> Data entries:
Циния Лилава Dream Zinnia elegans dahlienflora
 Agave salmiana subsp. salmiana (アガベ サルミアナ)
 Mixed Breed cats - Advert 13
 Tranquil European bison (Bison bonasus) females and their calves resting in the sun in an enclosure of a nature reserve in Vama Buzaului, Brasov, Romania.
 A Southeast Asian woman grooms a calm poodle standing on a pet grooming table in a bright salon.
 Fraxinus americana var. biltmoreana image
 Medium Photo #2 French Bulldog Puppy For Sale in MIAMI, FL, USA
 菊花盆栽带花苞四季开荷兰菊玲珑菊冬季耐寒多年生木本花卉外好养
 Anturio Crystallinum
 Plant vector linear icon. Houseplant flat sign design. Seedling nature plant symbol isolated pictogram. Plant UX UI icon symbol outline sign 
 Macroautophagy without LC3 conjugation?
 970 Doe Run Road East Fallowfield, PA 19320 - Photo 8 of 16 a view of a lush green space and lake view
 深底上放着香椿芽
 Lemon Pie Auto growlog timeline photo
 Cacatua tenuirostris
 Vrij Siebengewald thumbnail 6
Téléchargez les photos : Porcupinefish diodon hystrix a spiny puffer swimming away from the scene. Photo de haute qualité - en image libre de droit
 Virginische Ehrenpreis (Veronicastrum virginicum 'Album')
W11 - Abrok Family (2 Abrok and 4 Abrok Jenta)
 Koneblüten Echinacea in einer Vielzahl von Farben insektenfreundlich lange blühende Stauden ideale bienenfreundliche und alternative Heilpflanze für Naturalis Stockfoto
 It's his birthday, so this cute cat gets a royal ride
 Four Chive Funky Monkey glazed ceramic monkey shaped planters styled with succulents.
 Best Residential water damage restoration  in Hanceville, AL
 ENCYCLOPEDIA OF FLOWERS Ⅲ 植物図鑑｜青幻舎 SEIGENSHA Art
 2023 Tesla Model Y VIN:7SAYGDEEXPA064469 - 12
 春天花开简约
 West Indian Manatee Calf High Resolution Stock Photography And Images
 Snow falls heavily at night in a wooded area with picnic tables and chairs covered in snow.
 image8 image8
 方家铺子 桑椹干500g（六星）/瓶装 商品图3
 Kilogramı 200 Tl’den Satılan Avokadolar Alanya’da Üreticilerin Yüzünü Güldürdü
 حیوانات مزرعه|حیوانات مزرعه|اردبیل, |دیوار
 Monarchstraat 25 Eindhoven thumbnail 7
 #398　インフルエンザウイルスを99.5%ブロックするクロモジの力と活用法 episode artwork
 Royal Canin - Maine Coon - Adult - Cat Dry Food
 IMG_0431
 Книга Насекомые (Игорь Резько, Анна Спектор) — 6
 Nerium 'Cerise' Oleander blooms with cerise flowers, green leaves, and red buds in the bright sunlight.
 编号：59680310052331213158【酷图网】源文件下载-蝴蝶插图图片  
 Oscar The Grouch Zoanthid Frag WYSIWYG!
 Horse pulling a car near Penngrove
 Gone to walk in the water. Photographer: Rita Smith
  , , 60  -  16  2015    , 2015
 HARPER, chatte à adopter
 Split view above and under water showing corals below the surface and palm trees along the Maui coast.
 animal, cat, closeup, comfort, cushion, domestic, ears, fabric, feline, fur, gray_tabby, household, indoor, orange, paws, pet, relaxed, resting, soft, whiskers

> WHAT TO DO: All the entries above should come back exactly as they are written.

> EXPECTED ANSWER:
Циния Лилава Dream Zinnia elegans dahlienflora
 Agave salmiana subsp. salmiana (アガベ サルミアナ)
 Mixed Breed cats - Advert 13
 Tranquil European bison (Bison bonasus) females and their calves resting in the sun in an enclosure of a nature reserve in Vama Buzaului, Brasov, Romania.
 A Southeast Asian woman grooms a calm poodle standing on a pet grooming table in a bright salon.
 Fraxinus americana var. biltmoreana image
 Medium Photo #2 French Bulldog Puppy For Sale in MIAMI, FL, USA
 菊花盆栽带花苞四季开荷兰菊玲珑菊冬季耐寒多年生木本花卉外好养
 Anturio Crystallinum
 Plant vector linear icon. Houseplant flat sign design. Seedling nature plant symbol isolated pictogram. Plant UX UI icon symbol outline sign 
 Macroautophagy without LC3 conjugation?
 970 Doe Run Road East Fallowfield, PA 19320 - Photo 8 of 16 a view of a lush green space and lake view
 深底上放着香椿芽
 Lemon Pie Auto growlog timeline photo
 Cacatua tenuirostris
 Vrij Siebengewald thumbnail 6
Téléchargez les photos : Porcupinefish diodon hystrix a spiny puffer swimming away from the scene. Photo de haute qualité - en image libre de droit
 Virginische Ehrenpreis (Veronicastrum virginicum 'Album')
W11 - Abrok Family (2 Abrok and 4 Abrok Jenta)
 Koneblüten Echinacea in einer Vielzahl von Farben insektenfreundlich lange blühende Stauden ideale bienenfreundliche und alternative Heilpflanze für Naturalis Stockfoto
 It's his birthday, so this cute cat gets a royal ride
 Four Chive Funky Monkey glazed ceramic monkey shaped planters styled with succulents.
 Best Residential water damage restoration  in Hanceville, AL
 ENCYCLOPEDIA OF FLOWERS Ⅲ 植物図鑑｜青幻舎 SEIGENSHA Art
 2023 Tesla Model Y VIN:7SAYGDEEXPA064469 - 12
 春天花开简约
 West Indian Manatee Calf High Resolution Stock Photography And Images
 Snow falls heavily at night in a wooded area with picnic tables and chairs covered in snow.
 image8 image8
 方家铺子 桑椹干500g（六星）/瓶装 商品图3
 Kilogramı 200 Tl’den Satılan Avokadolar Alanya’da Üreticilerin Yüzünü Güldürdü
 حیوانات مزرعه|حیوانات مزرعه|اردبیل, |دیوار
 Monarchstraat 25 Eindhoven thumbnail 7
 #398　インフルエンザウイルスを99.5%ブロックするクロモジの力と活用法 episode artwork
 Royal Canin - Maine Coon - Adult - Cat Dry Food
 IMG_0431
 Книга Насекомые (Игорь Резько, Анна Спектор) — 6
 Nerium 'Cerise' Oleander blooms with cerise flowers, green leaves, and red buds in the bright sunlight.
 编号：59680310052331213158【酷图网】源文件下载-蝴蝶插图图片  
 Oscar The Grouch Zoanthid Frag WYSIWYG!
 Horse pulling a car near Penngrove
 Gone to walk in the water. Photographer: Rita Smith
  , , 60  -  16  2015    , 2015
 HARPER, chatte à adopter
 Split view above and under water showing corals below the surface and palm trees along the Maui coast.
 animal, cat, closeup, comfort, cushion, domestic, ears, fabric, feline, fur, gray_tabby, household, indoor, orange, paws, pet, relaxed, resting, soft, whiskers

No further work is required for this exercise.